Niemand kann uns aus dieser liebenden Hand Gottes herausreißen, auch nichts von all dem, was geschehen wird in einer sterbenden Welt. Dennoch wird keiner zwangsbekehrt oder wider Willen festgehalten. Wie heißt es so richtig in dem Lied „Herr, deine Liebe ist wie Gras und Ufer, wie Wind und Weite und wie ein Zuhaus. Frei sind wir da zu wohnen und zu gehen. Frei sind wir ja zu sagen oder nein.“

Der Himmel wird von Freiwilligen bevölkert, genauso wie die Hölle. Keiner wird gegen seinen Willen zum Glauben gezwungen und niemand wird gegen seinen Willen festgehalten, wie uns die Geschichte von den verlorenen Söhnen und dem liebenden Vater so eindrücklich vor Augen malt.

Wir kamen nach einer ökumenischen Adventsandacht ins Gespräch, und er sagte mir, wie furchtbar er es fände, dass ausgerechnet ein Kreuz das Symbol der Christen, und wie blutverschmiert die christliche Religion eigentlich sei und dass er mit dem stellvertretenden Sterben des Gottessohnes überhaupt nichts anfangen könne. Da ist nichts Lebensbejahendes, Fröhliches und Heiteres. Ich konnte seinen Argumenten nichts entgegen setzen, zumal er auch nichts anderes als das, was er meinte und laut sagte, hören wollte.

Angesichts des unsagbares Leidens gewinnt das Kreuz Christi seine Tiefe.
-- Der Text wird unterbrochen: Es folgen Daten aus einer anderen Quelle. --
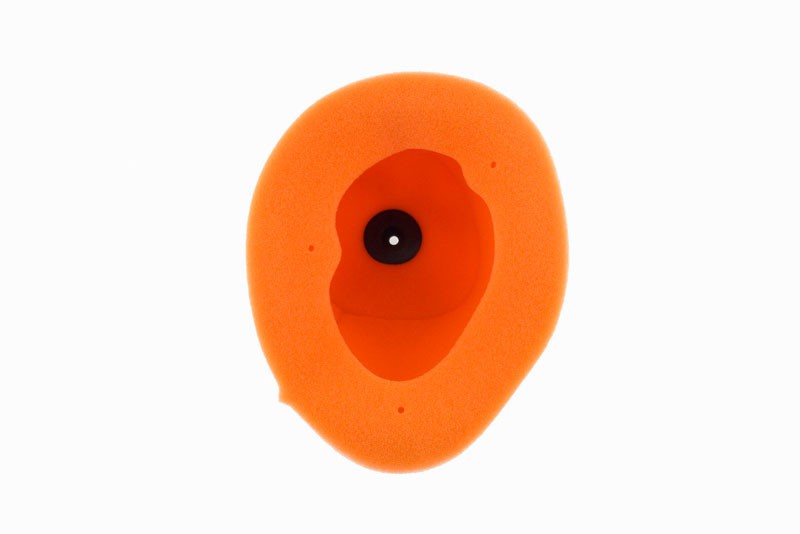 Filtre à Air Moto TwinAir pour Gas Gas EC 125, 200, 250, 300 et Racing (07-17) - 158046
Denn in diesem Kreuz sind alle Kreuze dieser Welt enthalten, auch die über 100.000 Kreuze dieser Flutkatastrophe. In dem Schrei Jesu am Kreuz (Matthäus 27, Vers 46) aus Psalm 22, Vers 2: Eli, Eli, lema sabachtani?, das heißt: Mein Gott, mein Gott, warum hast du mich verlassen? ist alles Leid dieser sterbenden Welt zusammengefasst.

Eine andere Antwort auf das „Warum“ als das Kreuz Christi und sein stellvertretendes Sterben haben wir nicht. Aber durch diese angenagelte und blutüberströmte Liebe können wir leben.

Im Vertrauen darauf, dass Jesus als der auferstandene Herr für uns beim allmächtigen Gott eintritt und so wie zu Petrus damals, zu uns heute sagt: Ich habe für dich gebeten, dass dein Glaube nicht aufhöre. können wir getrost und sicheren Schrittes in ein unbekanntes neues Jahr gehen, ganz egal, was auch immer geschieht. Amen.